Information given:
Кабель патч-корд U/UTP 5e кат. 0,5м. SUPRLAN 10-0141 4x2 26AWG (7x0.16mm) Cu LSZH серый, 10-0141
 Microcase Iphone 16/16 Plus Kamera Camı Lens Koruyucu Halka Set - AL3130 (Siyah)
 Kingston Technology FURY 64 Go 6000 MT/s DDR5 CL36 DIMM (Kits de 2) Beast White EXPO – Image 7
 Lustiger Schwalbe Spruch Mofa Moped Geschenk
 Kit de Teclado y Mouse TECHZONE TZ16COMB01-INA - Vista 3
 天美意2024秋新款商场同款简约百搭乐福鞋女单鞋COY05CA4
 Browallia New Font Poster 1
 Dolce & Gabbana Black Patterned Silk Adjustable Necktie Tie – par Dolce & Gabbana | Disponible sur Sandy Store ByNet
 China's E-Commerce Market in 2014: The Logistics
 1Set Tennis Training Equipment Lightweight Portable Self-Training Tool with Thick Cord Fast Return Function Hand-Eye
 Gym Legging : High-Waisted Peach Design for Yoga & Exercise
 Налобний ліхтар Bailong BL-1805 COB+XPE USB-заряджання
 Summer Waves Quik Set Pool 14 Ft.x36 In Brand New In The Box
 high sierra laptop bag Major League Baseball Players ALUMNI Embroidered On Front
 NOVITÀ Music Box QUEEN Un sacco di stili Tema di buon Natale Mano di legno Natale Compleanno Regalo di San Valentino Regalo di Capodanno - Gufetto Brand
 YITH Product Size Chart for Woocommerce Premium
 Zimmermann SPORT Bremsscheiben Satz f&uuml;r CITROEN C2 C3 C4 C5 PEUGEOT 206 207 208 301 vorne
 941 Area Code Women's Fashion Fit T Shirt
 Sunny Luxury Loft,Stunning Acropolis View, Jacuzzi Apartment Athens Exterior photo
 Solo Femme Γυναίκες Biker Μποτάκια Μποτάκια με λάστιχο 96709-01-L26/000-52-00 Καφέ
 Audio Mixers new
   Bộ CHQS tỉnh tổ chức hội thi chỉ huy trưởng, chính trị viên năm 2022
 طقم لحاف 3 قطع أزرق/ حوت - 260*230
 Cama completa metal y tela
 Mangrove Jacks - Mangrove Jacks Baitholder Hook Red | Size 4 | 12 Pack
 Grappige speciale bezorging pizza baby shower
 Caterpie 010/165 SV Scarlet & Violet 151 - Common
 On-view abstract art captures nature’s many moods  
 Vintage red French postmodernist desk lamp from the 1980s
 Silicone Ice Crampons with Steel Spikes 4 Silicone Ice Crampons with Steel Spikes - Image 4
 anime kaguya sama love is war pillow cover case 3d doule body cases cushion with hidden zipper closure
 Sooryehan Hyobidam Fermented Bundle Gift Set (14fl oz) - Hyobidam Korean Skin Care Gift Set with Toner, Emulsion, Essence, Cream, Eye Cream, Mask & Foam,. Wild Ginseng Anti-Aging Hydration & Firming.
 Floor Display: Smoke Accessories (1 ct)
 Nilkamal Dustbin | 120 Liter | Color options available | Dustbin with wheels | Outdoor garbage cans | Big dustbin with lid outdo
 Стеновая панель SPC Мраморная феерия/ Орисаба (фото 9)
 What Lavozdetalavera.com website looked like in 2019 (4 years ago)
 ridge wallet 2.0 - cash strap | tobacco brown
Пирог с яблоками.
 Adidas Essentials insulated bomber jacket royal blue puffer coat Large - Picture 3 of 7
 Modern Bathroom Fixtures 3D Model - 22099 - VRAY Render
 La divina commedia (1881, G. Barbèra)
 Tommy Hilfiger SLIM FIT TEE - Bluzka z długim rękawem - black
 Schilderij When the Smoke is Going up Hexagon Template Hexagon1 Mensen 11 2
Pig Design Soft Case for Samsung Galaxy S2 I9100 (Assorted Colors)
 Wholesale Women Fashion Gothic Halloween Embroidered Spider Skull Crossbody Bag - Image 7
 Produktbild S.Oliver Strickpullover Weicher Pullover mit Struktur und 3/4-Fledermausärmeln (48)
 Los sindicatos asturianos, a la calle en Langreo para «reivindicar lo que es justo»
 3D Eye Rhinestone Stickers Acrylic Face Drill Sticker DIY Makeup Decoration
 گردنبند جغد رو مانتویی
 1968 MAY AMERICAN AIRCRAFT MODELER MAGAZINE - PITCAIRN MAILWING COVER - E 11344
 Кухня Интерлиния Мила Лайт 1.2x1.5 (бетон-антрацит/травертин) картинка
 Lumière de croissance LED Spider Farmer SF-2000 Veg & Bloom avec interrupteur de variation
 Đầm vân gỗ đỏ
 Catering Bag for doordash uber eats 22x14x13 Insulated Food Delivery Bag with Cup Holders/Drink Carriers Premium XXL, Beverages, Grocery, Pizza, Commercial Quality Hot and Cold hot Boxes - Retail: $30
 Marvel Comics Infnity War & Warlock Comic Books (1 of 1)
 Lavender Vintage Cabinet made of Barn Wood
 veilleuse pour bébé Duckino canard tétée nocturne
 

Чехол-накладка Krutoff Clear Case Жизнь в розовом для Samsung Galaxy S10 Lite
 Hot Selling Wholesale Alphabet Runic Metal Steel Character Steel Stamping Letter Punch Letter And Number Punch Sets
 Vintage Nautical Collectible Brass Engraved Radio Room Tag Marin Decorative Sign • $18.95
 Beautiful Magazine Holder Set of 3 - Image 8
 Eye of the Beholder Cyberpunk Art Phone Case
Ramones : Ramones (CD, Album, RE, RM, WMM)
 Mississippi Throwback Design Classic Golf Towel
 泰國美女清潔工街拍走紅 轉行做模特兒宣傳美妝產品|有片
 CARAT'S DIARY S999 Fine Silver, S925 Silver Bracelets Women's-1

Assigned task: What lines above hold the word "Steel"? List them all.

Response for this exercise:
 Silicone Ice Crampons with Steel Spikes 4 Silicone Ice Crampons with Steel Spikes - Image 4
 Hot Selling Wholesale Alphabet Runic Metal Steel Character Steel Stamping Letter Punch Letter And Number Punch Sets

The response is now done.